22 De Manuel Aguilar Mora, sobre unomásuno, (Carta dirigida a Luis Gutiérrez, Director General del unomásuno) en la sección Palabra de lector, de la Revista Proceso, número 667, página  37, del 14 de agosto de 1989. La carta se publicó en Proceso después de dos semanas de que Aguilar Mora intentara entrevistarse con el Director del diario.

23 Catalina Miranda, Huberto Batis, 25 años en el suplemento sábado de unomásuno (1977-2002), Ed. Ariadna, Colección laberinto de papel, México, 2005, en la página 367.

24 Herminio Martínez Ortega (1949 - 2014), escritor de novela histórica, poeta, cronista oficial de Celaya y sobre todo ganador de una cantidad enorme de premios nacionales e internacionales, lo conocí en Celaya cuando me integré al taller de literatura que él coordinaba: Diezmo de palabras, en la Casa del Diezmo, dirigida entonces por Florencio López Ojeda. Allí también participaba Luis Montes de Oca, Mitocornio, quien después se integró a la plantilla del suplemento en donde Huberto Batis le dio la contraportada entera, además en las páginas interiores del suplemento Montes de Oca narraba historias de sus imaginarias aventuras sexuales en el estudio fotográfico del maestro del fetiche: Eric Kroll, con quien supuestamente poseía los cuerpos de las modelos de la serie fotográfica Beauty parade.

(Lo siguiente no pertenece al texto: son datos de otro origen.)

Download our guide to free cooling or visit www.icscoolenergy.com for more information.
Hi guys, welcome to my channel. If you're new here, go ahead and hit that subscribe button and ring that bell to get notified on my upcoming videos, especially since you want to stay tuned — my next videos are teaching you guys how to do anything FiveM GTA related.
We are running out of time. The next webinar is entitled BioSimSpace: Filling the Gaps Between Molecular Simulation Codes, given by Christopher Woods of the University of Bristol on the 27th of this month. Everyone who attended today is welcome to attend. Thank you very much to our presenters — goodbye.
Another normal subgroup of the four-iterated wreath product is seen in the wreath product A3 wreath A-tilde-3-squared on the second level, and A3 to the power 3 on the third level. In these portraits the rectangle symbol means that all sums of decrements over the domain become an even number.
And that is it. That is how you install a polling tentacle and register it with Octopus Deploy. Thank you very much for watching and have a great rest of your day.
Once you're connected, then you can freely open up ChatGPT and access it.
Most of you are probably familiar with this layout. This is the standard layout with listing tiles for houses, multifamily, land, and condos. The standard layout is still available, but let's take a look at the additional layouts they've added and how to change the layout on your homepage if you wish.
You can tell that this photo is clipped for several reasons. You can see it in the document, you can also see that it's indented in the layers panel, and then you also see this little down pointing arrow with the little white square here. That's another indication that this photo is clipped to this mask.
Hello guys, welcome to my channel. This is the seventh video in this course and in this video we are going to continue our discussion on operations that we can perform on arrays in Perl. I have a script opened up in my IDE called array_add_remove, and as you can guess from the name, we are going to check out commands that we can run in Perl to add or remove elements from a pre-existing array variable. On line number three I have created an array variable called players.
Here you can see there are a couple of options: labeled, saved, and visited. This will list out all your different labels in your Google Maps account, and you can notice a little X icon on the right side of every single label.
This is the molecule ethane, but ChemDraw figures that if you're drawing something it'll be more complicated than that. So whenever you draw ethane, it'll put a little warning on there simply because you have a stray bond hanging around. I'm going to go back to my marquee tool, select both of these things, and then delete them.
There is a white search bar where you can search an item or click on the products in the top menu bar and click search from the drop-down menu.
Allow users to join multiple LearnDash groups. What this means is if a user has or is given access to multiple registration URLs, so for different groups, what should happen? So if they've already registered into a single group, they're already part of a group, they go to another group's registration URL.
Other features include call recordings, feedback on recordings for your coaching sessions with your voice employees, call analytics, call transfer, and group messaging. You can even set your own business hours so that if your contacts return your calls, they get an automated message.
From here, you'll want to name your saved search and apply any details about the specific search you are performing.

Con Luis Montes de Oca trabajamos en el proyecto de una revista, que solo se tradujo en entusiasmo. Por otra parte, tuve la oportunidad de compartir con Herminio Martínez el premio convocado por la Lotería Nacional, denominado Lotería de Cuentos. El primer lugar lo obtuvo él y el segundo yo, de 977 participantes.

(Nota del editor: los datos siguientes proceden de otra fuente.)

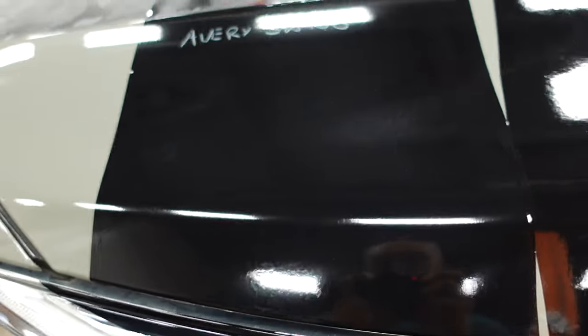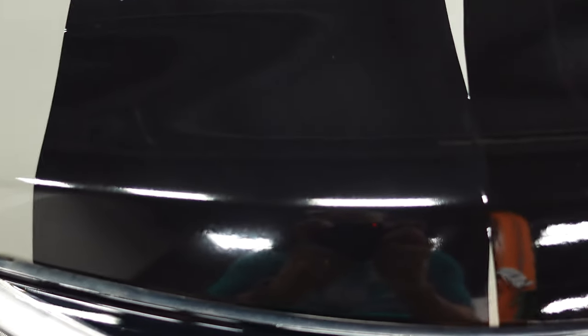So this is what they look like compared. Avery SW900 up close - sorry if the camera's trying to focus in and out, with gloss black it's hard to have something to focus on. Here is Avery compared to the Vivid ultra gloss black, and here is 3M's 2080.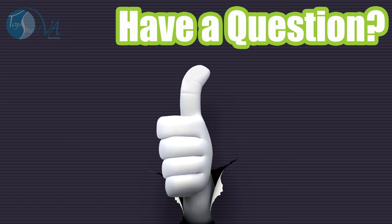As always, this is Naomi with Top Shelf VA.com. Until we meet again, have a wonderful day!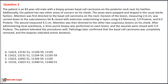Answer options: Option A — codes 11623, 13132 with modifier 51, 11104 with modifier 59, and 11105. Option B — codes 11623, 13131 with modifier 51, 11104 with modifier 59, and 11105 with modifier 59. Option C — codes 11623, 12104 with modifier 59, and 11105. Option D — codes 13132, 11623, 11104 with modifier 51, and 11105 with modifier 51.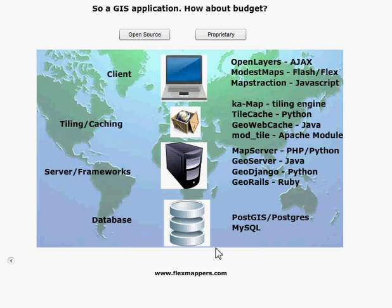I've broken it down into a number of tiers. Starting with the client — what actually runs in the browser — there are potentially three APIs we can work with here. There's the OpenLayers API, which uses AJAX and is written in JavaScript. There's Modest Maps, which is a Flash and/or Flex API. And Mapstraction, another open source JavaScript tool. What's been added to this list since I did this video is OpenScales, which is essentially a porting of the OpenLayers API to Flex.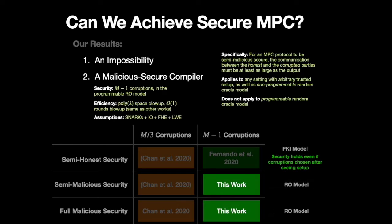So more specifically, we give a compiler, which takes any insecure massively parallel protocol and turns it into a secure one with minimal efficiency blow up.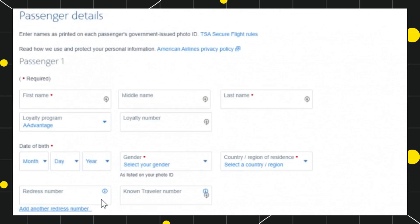In the bottom you are going to see the Known Traveler Number field. In this Known Traveler Number field, you need to add your PreCheck number, and after that you will have to save your changes and follow further on-screen instructions in order to add the TSA PreCheck on American Airlines.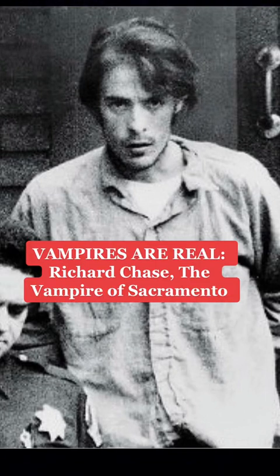There was a monster stalking Sacramento, California between 1977 and 1978. The Vampire of Sacramento.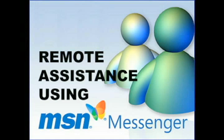So if you like this video, please let us know. And that's basically how you use remote assistance to help somebody using MSN Messenger.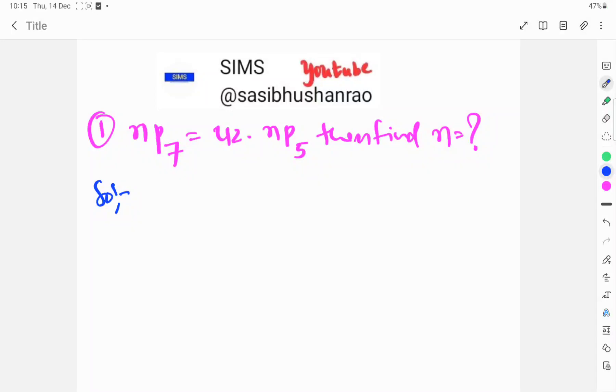Welcome to SIMS. Today's topic: nP7 is equal to 42 into nP5, then find N.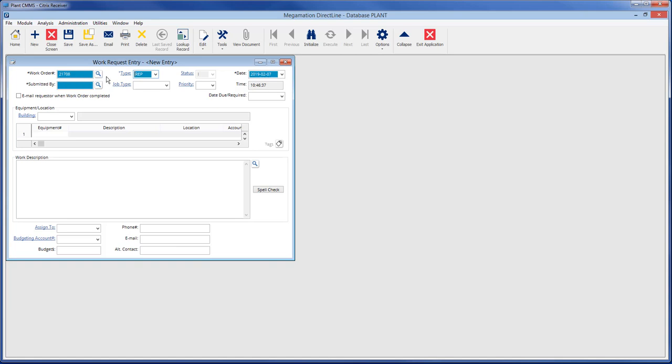Some of the fields like submitted by, type, and a few more can be set to auto-fill. See the user management video for more details.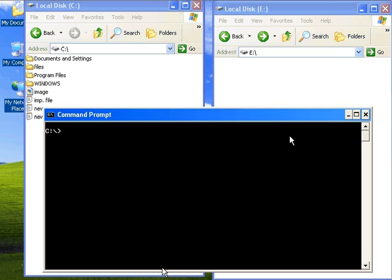In this video, you will learn how to copy files in command prompt.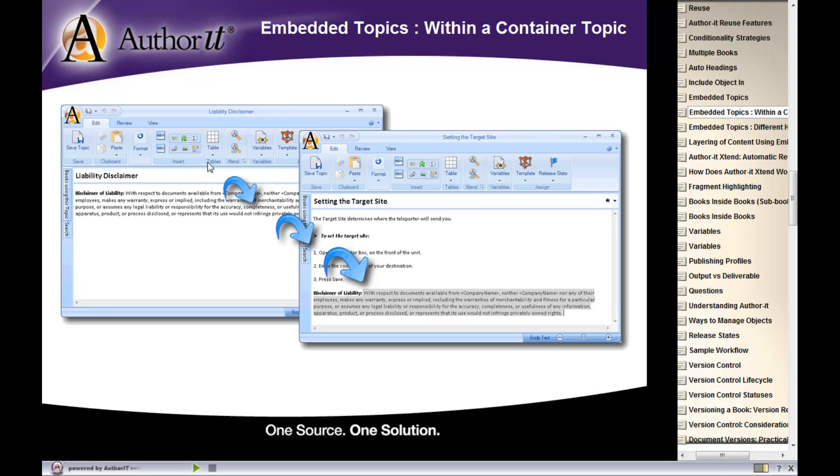Now, how did this content get into the setting the target site? Just simply by clicking and dragging that topic object into your setting the target site topic. So we'll go back to our handy click and drag feature in order to use embedding.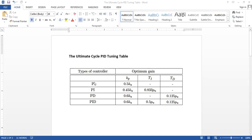This is the ultimate cycle PID tuning table developed by Ziegler and Nichols. Upon attaining the ultimate period and ultimate gain of the given control system: if the system is subjected to a proportional controller, the optimum gain is kp = 0.5·Ku. If subjected to a proportional plus integral controller, kp = 0.45·Ku and Ti = 0.33·Pu.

25 Huberto Batis decía que el único día que se vendía el unomásuno era el sábado, por el suplemento cultural. Se hablaba de que tenía un tiraje de hasta 60,000 ejemplares, además, por aquel tiempo la sección más leída de sábado era la que se ubicaba en las páginas 14 y 15, por el material polémico que se publicaba.

26 Un año después de publicar el último de los Sonetos para leer en la cantina reuní aquellos versos en una plaquette titulada Prostibulario.